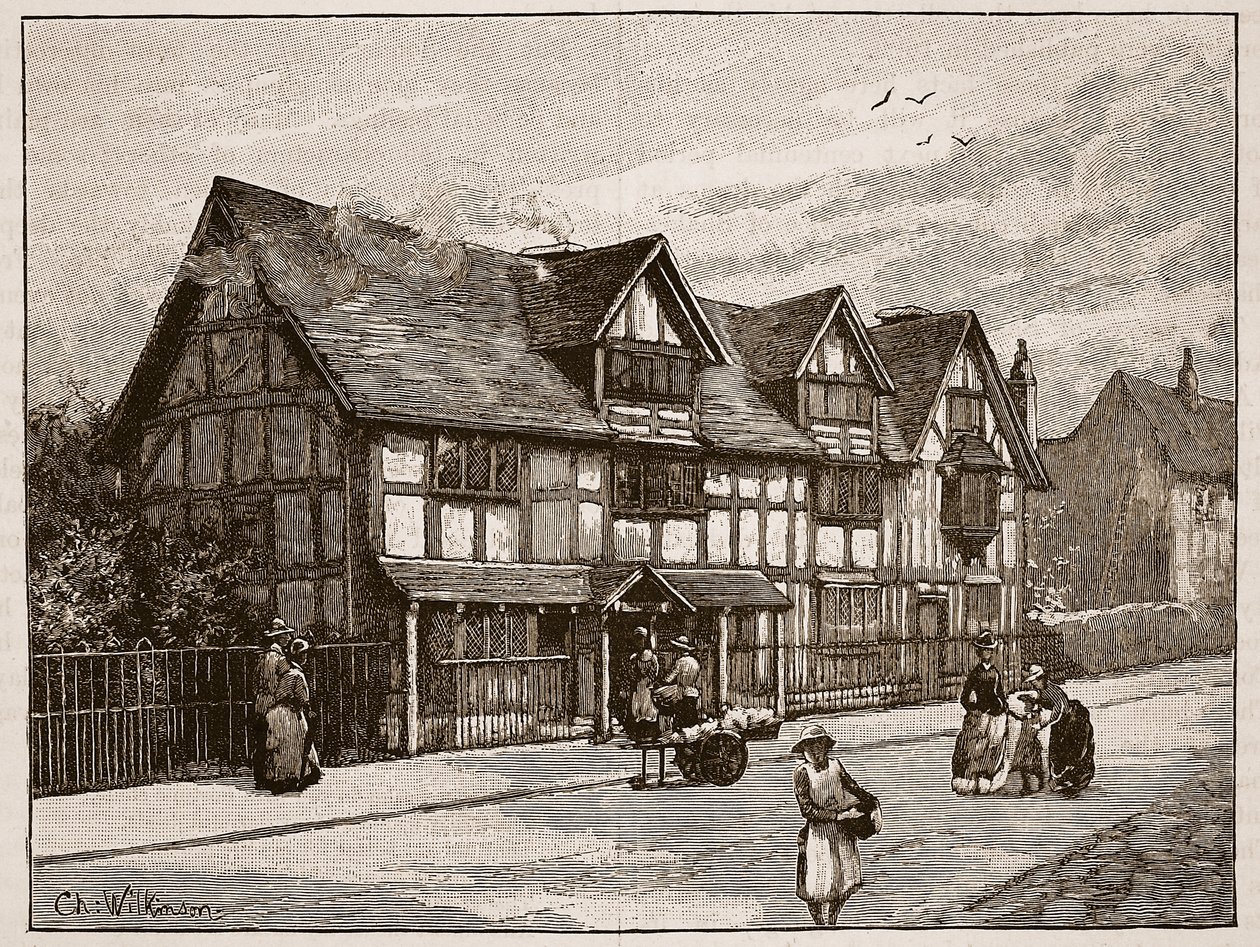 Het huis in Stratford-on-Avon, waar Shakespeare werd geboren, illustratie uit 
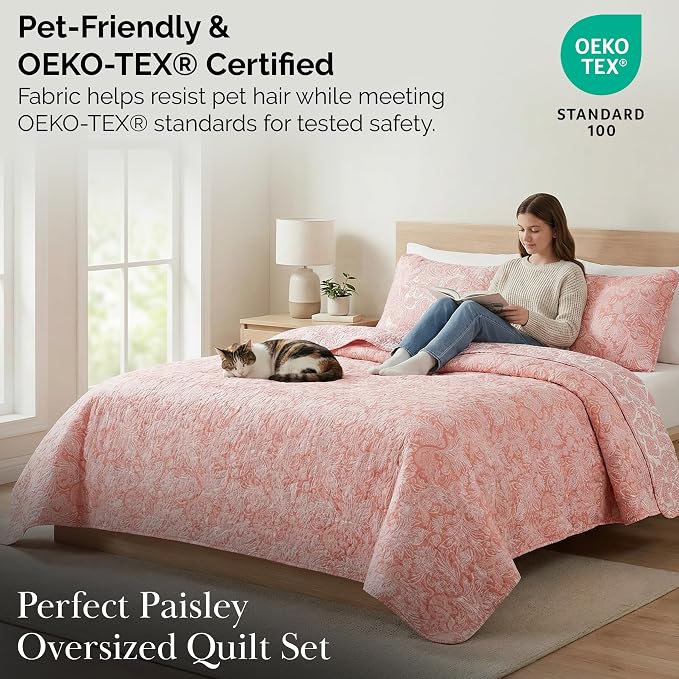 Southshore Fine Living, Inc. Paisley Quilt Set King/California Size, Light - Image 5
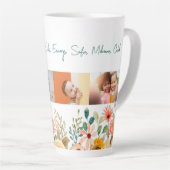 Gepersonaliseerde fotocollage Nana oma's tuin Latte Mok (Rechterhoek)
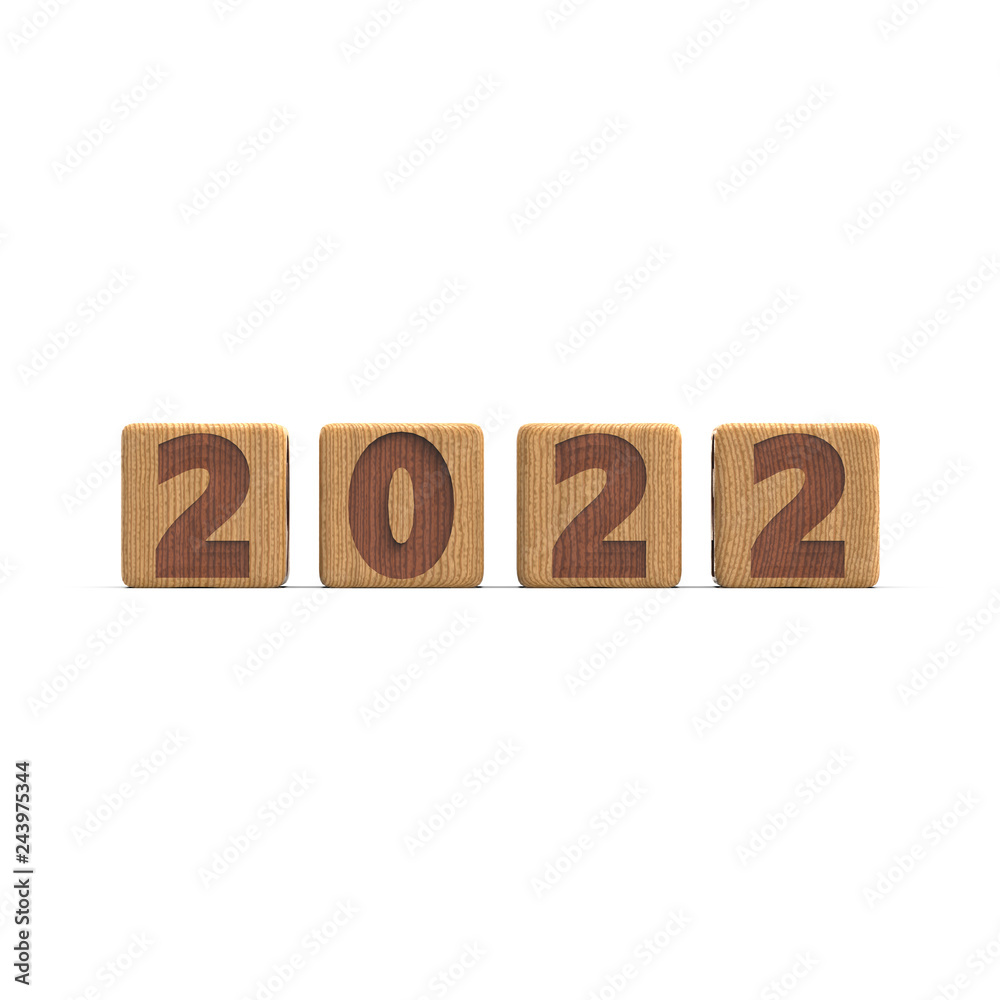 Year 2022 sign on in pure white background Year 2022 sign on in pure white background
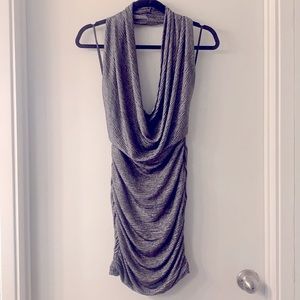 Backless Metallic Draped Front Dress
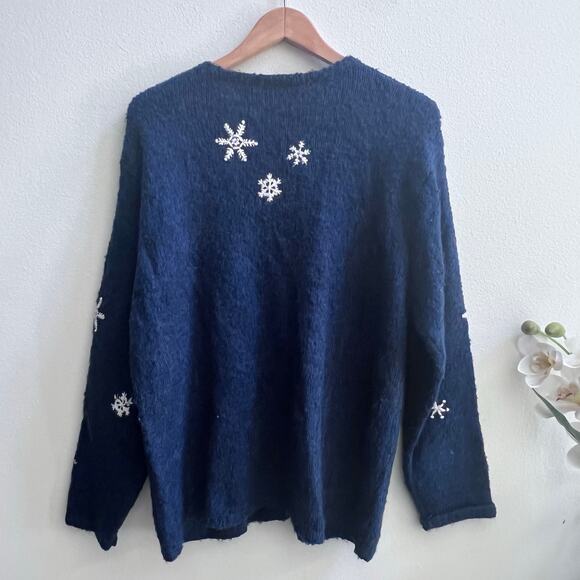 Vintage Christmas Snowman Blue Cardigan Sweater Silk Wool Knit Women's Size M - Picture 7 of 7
==
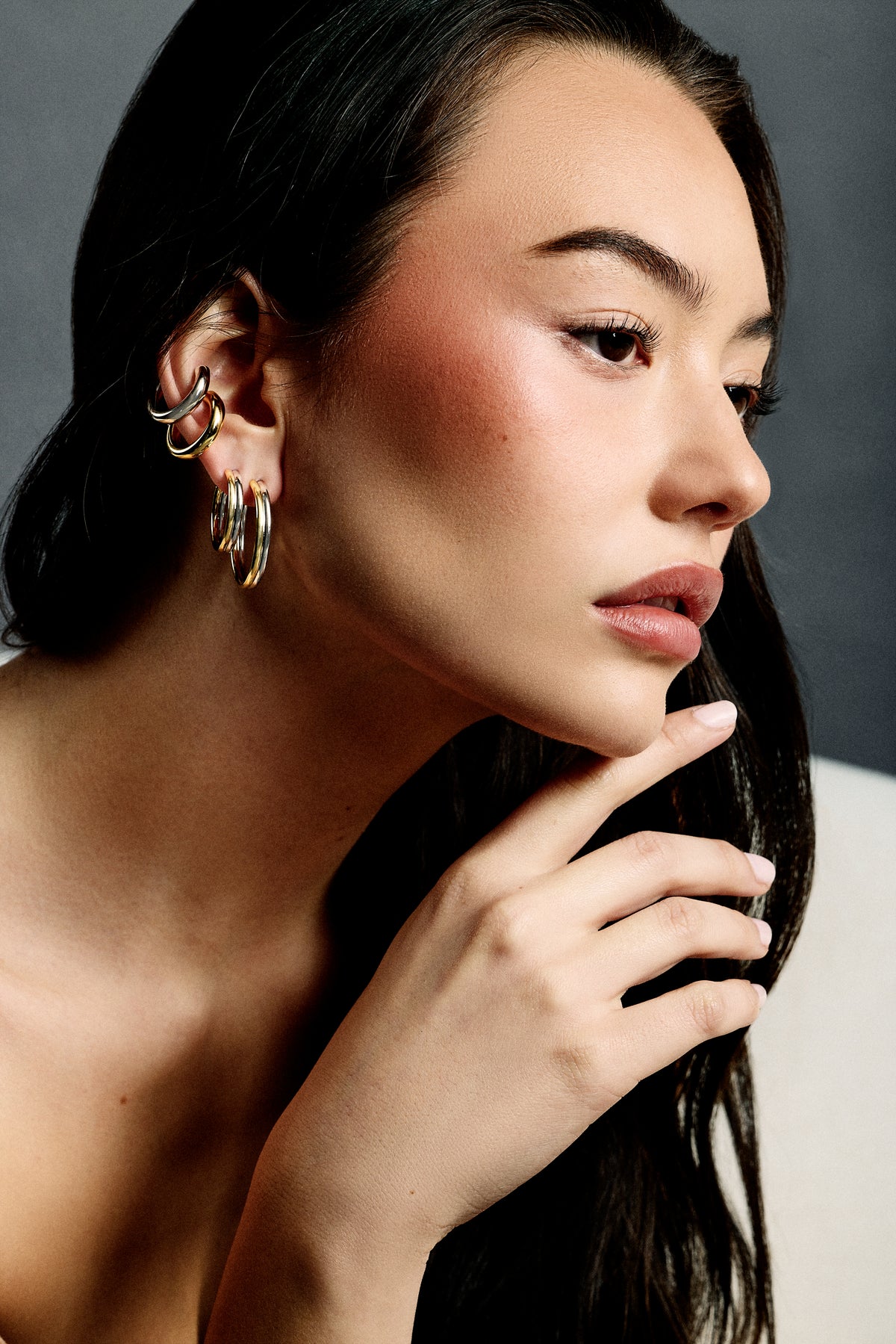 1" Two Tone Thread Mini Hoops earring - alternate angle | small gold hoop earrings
--
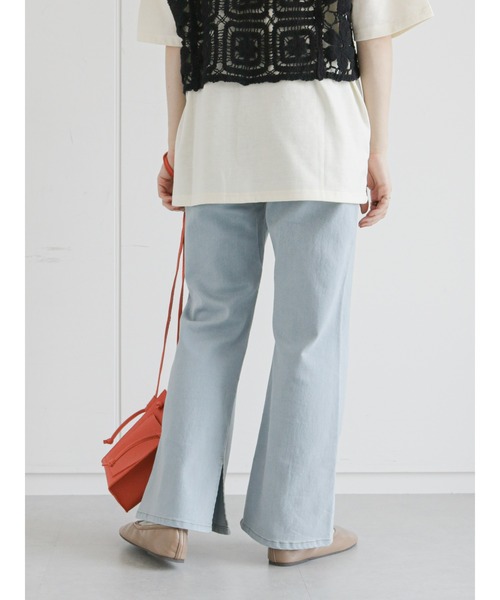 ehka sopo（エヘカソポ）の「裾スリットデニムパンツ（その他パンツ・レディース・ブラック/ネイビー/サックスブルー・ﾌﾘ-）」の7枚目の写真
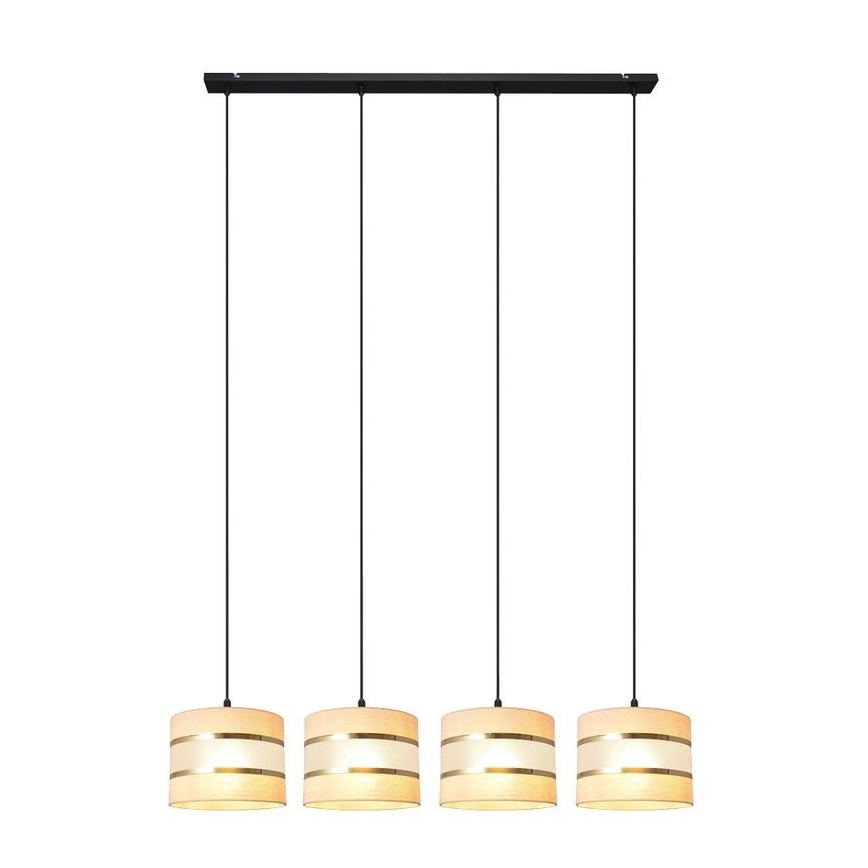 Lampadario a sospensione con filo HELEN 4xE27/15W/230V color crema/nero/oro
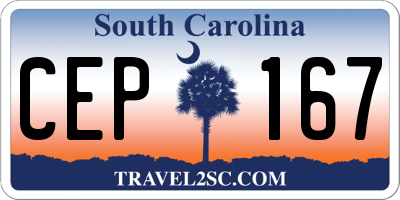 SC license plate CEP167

About this task -> Each line from the one that contains "Het huis in" down to the one that contains "Backless Metallic Draped Front Dress" is to be returned exactly as it stands above, both ends included, with pictures removed.

Solution for this problem ->
 Het huis in Stratford-on-Avon, waar Shakespeare werd geboren, illustratie uit 
 Southshore Fine Living, Inc. Paisley Quilt Set King/California Size, Light - Image 5
 Gepersonaliseerde fotocollage Nana oma's tuin Latte Mok (Rechterhoek)
 Year 2022 sign on in pure white background Year 2022 sign on in pure white background
 Backless Metallic Draped Front Dress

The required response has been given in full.